Tacuchian está sempre propenso a não se repetir, mas a seguir serenamente o caudaloso curso da existência, atento observador das imagens e das tendências. A metamorfose escritural constante não se olvida, contudo, da memória retida. Ouvindo-se as composições de Tacuchian, há nas tantas inovações a presença de um elo sutil a ligar passado e presente, jamais ruptura completa, mesmo em criações diferenciadas espaçadas pelos decênios. Impressões digitais deixadas no percurso que não se apagam, apesar da densa neblina do tempo.

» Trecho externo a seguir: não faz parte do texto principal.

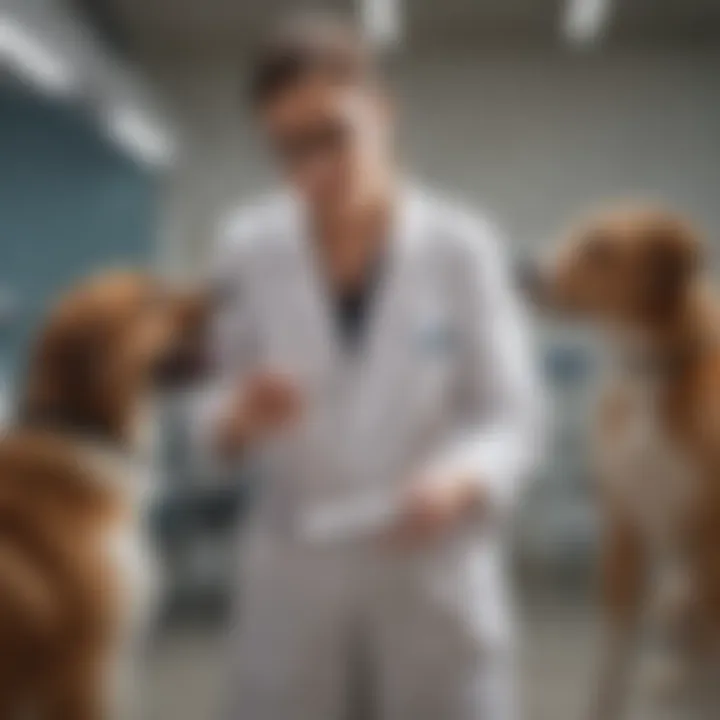 Veterinarian examining a dog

This post addresses three CDs with works by Ricardo Tacuchian (1939 – ), one of themost prominent contemporary Brazilian composers: “Quarteto Radamés Gnattali Interpreta Ricardo Tacuchian”: string quartets played by Carla Rincón and Andréia Carizzi (violins), Fernando Thebaldi (viola) and Hugo Pilger (cello). “O Piano de Sergio Roberto de Oliveira e Ricardo Tacuchian”: piano pieces played by Miriam Grosman and Ingrid Barancoski. “Tacuchian e a Viola”: works for viola and piano played by Duo Burajiru ( FernandoThebaldi, viola – Yuka Shimizu, piano). The works illustrate essential characteristics of Tacuchian’s musical writing. Never repeating himself, his style shows new features in each album, but this does not imply a rupture with the past. The subtle link between yesterday (the retained memory) and today (new experiments and trends) is there: fingerprints that do not fade despite the dense mists of time.